The fact is, science is not the creation of atheistic rationalism. It is rooted, and in fact flourished, in the rich soil of the Judeo-Christian worldview, in the belief that God is rational and has made an intelligible Creation to be explored and made to flourish by human beings, who are made in his image.

Sociologist and author Rodney Stark had it right when he wrote: "from early days, the church fathers taught that reason was the supreme gift from God and the means to progressively increase their understanding of scripture and revelation. Consequently, Christianity was oriented to the future, while the other major religions asserted the superiority of the past. … faith in the power of reason infused Western culture, stimulating the pursuit of science and the evolution of democratic theory and practice." So anti-Christian dogmatists such as Hitchens find themselves in the precarious position of, in their attempts to exalt reason over faith, sawing off the very branch on which they are perched.

But we also need to keep in mind that science, as valuable as it is, is a limited and (especially when misused in the service of unscientific agendas) imperfect means of acquiring knowledge. As Pope Benedict said earlier this month, some scientific theories are "mind limiting" because "they only arrive at a certain point ... and do not manage to explain the ultimate sense of reality." Because science is conducted by flawed and fallible human beings, we must accept it for what it is—a means in our epistemological endeavors, not the final word.

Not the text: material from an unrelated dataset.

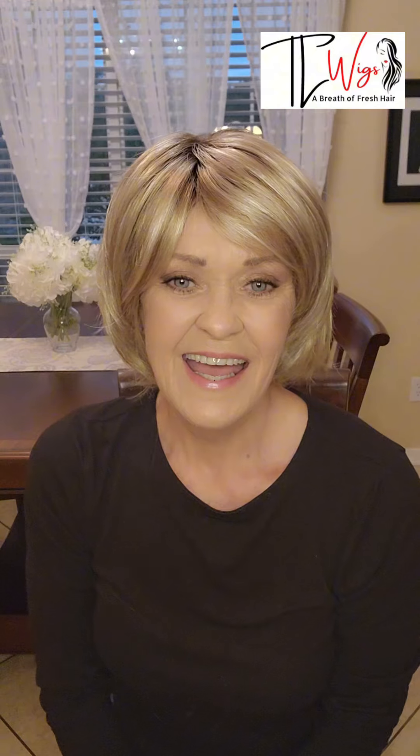Okay everybody, this is Amore's Glen, and I'll get to making that review tomorrow. Bye, everybody.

There are other sources of knowing that science cannot touch. Many of our universities, founded to the glory of God, have forgotten or even suppressed these sources, believing that science itself can answer any question worth asking. But philosopher Dallas Willard, reflecting on the work of quantum physicist Richard Feynman, cogently points out that "the scientific  understanding of nature yields no guidance for human life, including what to do with the knowledge science offers."

Science, as good as it is, has limits. It simply cannot answer all of the questions we face, and even those it purports to answer it does so imperfectly. Science is our helper, not our ruler. To believe otherwise involves "an unyielding belief in the truth of an untested theory."